----- Original Message -----
From: "Michael Tope" <W4EF@dellroy.com>
To: "Jim Lux" <jimlux@earthlink.net>; "RICHARD BOYD" <ke3q@msn.com>;
"Towertalk" <towertalk@contesting.com>; "Michael Harris"
<mike.harris@horizon.co.fk>
Sent: Friday, December 03, 2004 9:46 PM
Subject: Re: [TowerTalk] Stacking
> Jim,
>
> When you do that calculation for a 1/4 ground mounted
> vertical, what do you use for the effective height when
> doing the ray trace for the distance to the reflection zone?
> I posed that question on the topband reflector (in the context
> of siting a 160 meter antenna near salt water) and nobody
> seemed to have a good answer. Using the ray tracing
> simplification the calculation is rather simple, but the answer
> you get depends strongly on where you define the phase
> center of the antenna. On the site I had in mind, it could
> make a big difference because of the limited extent of the
> salt water in certain directions.
>
> 73 de Mike, W4EF............................................
A very good question, and one to which I don't have a real good answer. In
the classic monopole case, there are no reflections out in the Fresnel zone,
because the phase center height is zero.

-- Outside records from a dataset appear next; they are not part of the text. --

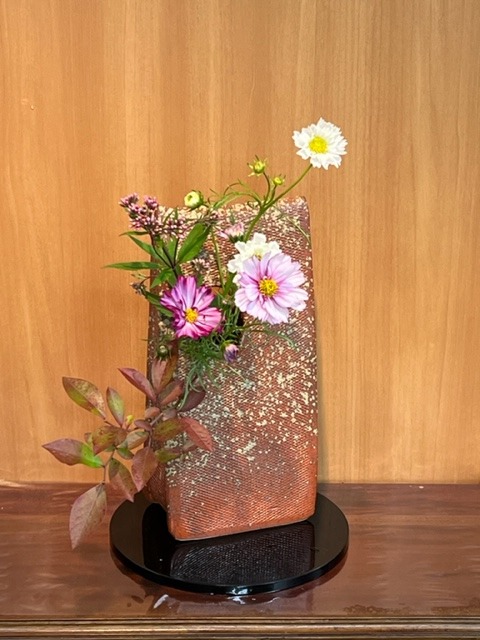 ブルーベリー、藤袴、秋桜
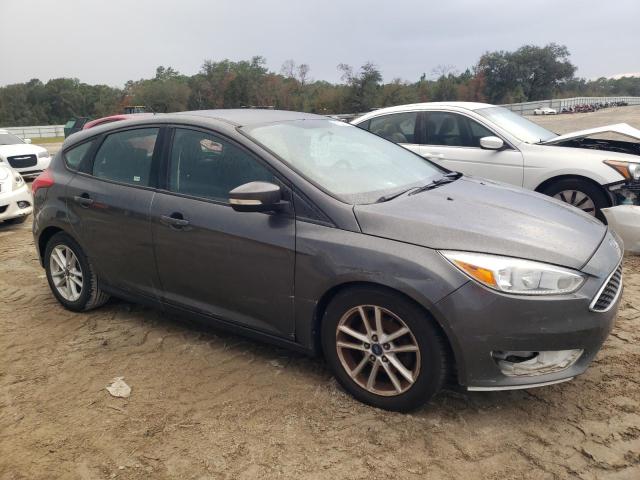 1FADP3K24HL247082 - 2017 FORD FOCUS SE GRAY photo 4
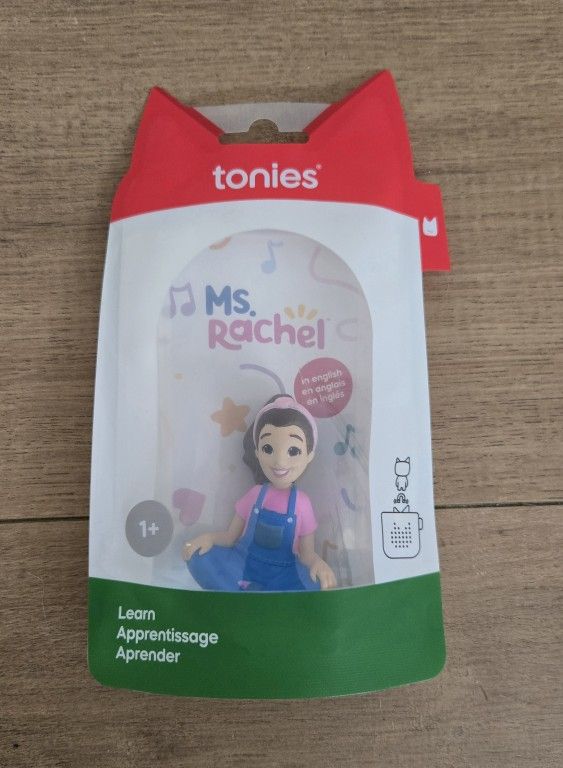 For Sale:
Brand New Still in Original Packaging Tonies Ms Rachel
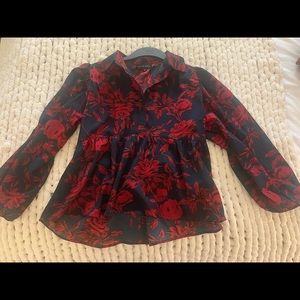 Floral blouse originally purchased from ASOS UK!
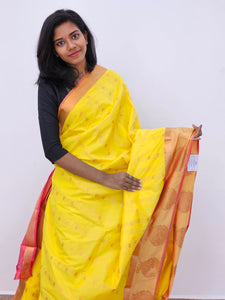 Kanchipuram Blended Fancy Silk Sarees 013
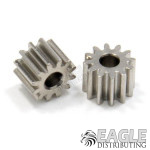 16T 64P Press Fit Hardened Stainless Steel Pinion Gear (6 pcs)-JKP616-6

All of the pattern is determined
very close in to the antenna (the image of the monopole, and then any
reactive near field absorption effects).
On an elevated vertical dipole, or a "ground plane" vertical, the phase
center can probably be taken at the feedpoint. I'm in the process of
looking at modeled phase patterns of various practical antennas to see if
that's a reasonable assumption. For low angles, it's probably reasonable.
The whole "reflections of vertically polarized signals from the earth" is
sort of a peculiar thing, made more so by the fact that I'll bet most
notionally vertically polarized HF antennas have a significant horizontal
polarized component, at least in some directions. As many have pointed out
recently, it's really hard to decouple the feedline (and even if decoupled,
it's still there in the reactive field), so it might radiate. And, if you
have a tophat that's not idealized, perhaps it radiates some horizontally
polarized component. Given the vagaries of propagation, it's plausible that
someone using the vertical would work someone actually relying on a spurious
H pol component that's 10-15 dB down.